17 September 2006

Back to Uni for my Brother

We took my brother up to London today, to get him moved into halls for his second year at Roehampton. This will be the first year that we're both at university at the same time, and my parents will be living by themselves for the first time since I was born, more than 24 years ago. They'll have to do all the washing up themselves now! Though my brother's only 2 and a half years younger than me, he started university five years after I did because I have a spring birthday and he an autumn one* so he's actually three school years below me, then after his GCSEs he did a year long vocational course (in Public Services- for people thinking of going into the police, army, or coastguards) which led him to realise that wasn't what he wanted to do at all, and so decided to do A-levels. Then he was delayed another year because one of his A-level choices, Graphics, turned out to be a bit of a disaster and he started Psychology instead in his second year of A-levels, so it took one more year to finish that. So though I've lived away from home before, at university and when I was in Japan, he was at school or sixth form college all that time, and when he was away last year I was at home- I didn't have the money to go and live by myself, and luckily I get on well with my parents.

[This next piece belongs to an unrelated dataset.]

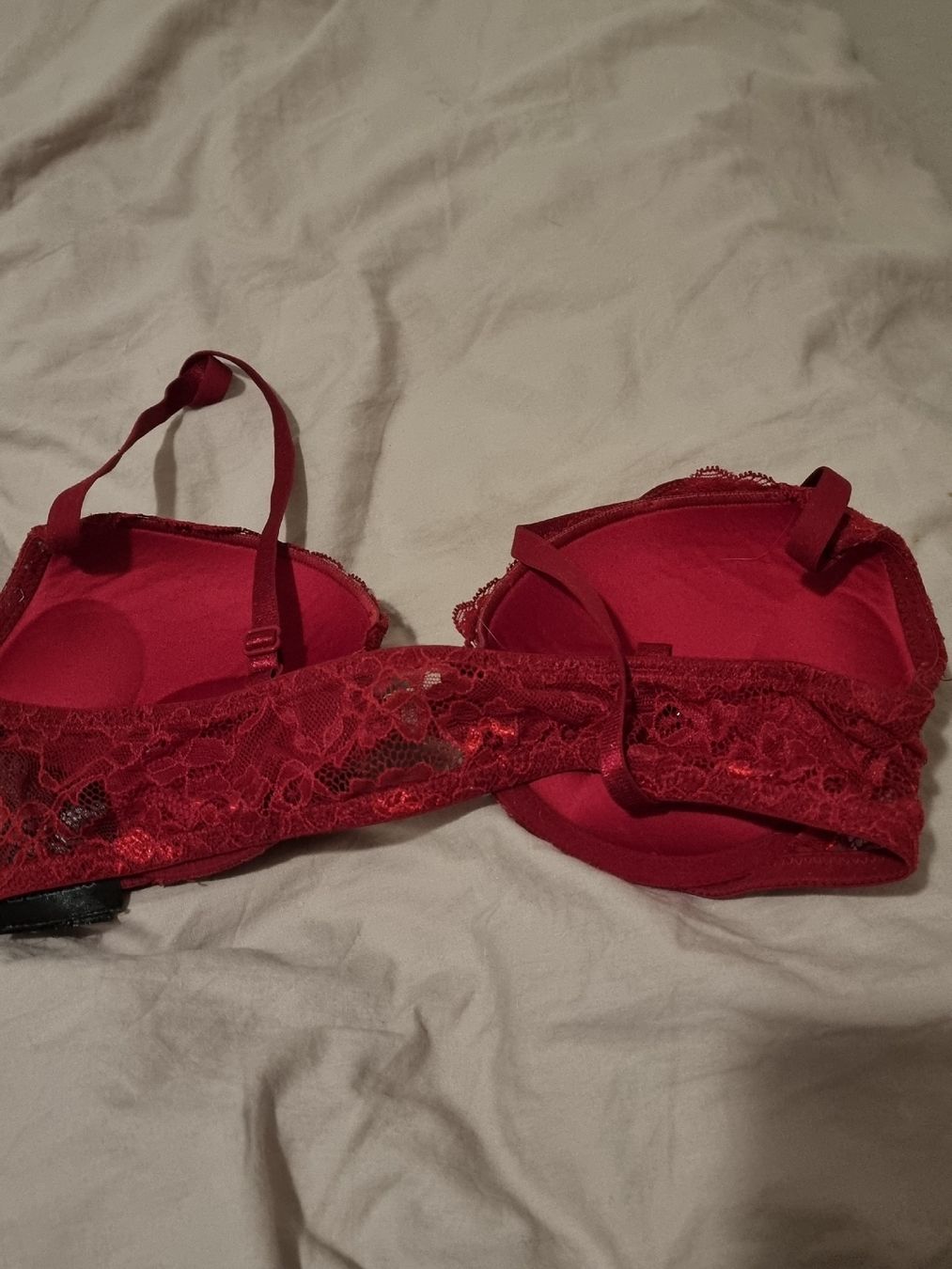 H&M Altra biancheria intima: Roter Spitzen BH Super Push up Gr. 80A – Usato da Altstätten SG venduto da melii._.98 1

There was solid traffic for a long way on the last part of our journey, right up to the university gates and beyond, so we didn't get there till after two. By the time we'd taken all his stuff up to his room, sorted out his insurance, and gone shopping (to give him a couple of extra pairs of hands to help manage the large amount of stuff that's always necessary on the first shop- we would have made things even easier by going in the car but the road was still one long traffic jam, especially in the direction we'd have to come back), it was something like five, and, as I thought would be the case, in the kitchen the fridge space had been entirely staked out and the best cupboards were gone. Not that it bothered my brother that much; he tends to be laid back about things that I would get worked up about, whilst things that I would not even consider could be a problem worry him quite a bit. But I made a mental note to get there early next week and arrive with the necessary to reserve my fair share of fridge and cupboard- because trying to live for nine months without enough space to keep everything cool, and having to keep your pans in your room and cart them down to the kitchen every time you want to cook because they won't fit there is not fun.

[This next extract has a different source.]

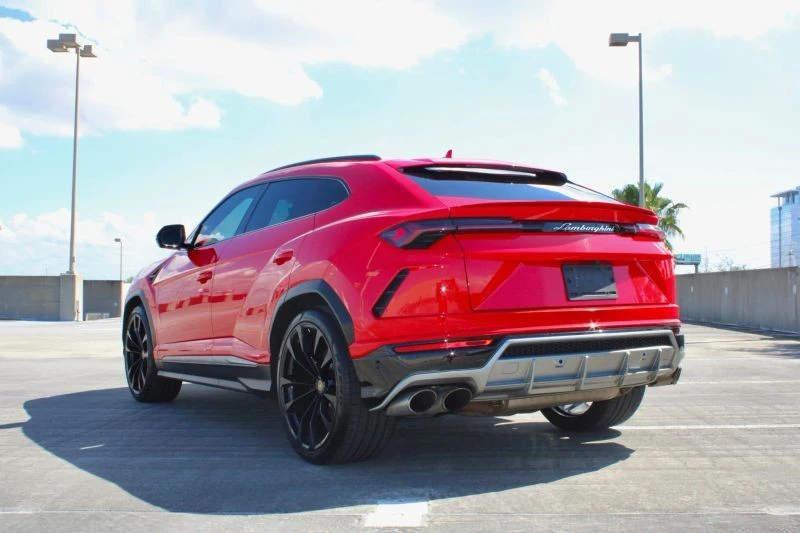 2020 Lamborghini Urus - Image 9 of 12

It's getting very soon now, and I find it a very strange thought that just a week from now I'll be living with people whom I not only have not as yet met, but whose names, ages, nationalities, genders, and even number I'm not aware of, and yet by the end of the year I won't be able to imagine not knowing them. Sometimes I'm excited, but now it's so close sometimes I'm a little reluctant at the thought of going to live somewhere else and having to re-establish my comfort zone and make new routines and generally put in a lot of effort before everything becomes second nature. But however I feel now, I know that once I've been there a couple of weeks I won't be able to understand how I could live so long back at home, when compared to the relative independance of halls... So though I don't always feel that the prospect is a good one, rationally I know it is, and my rational self explains all that to my emotional side.


First, though, I've got an awfull lot of packing to do...

*11th September in fact, though of course (strange as it is to think now) for the first 17 years of his life the date had no significance except that it was his birthday. Apparently it doesn't really feel wierd to be born on that day- I asked him. My mother works for someone born on 7th July, to take the coincidence a little further. Incidentally, on that memorable 11th September, I was picking up the keys for the first house I ever rented with the friends I was sharing it with, and found out about what had happened when, after a long discussion in our new and very pink rather cold front room about what happened with getting gas and electricity connected and so on, and who needed to do what, one friend got a call on his mobile from someone asking if he'd heard the news, which the friend then passed on to the rest of us. I scarcely believed it till I got back home and found out from the radio and TV and so on. But that's neither here nor there.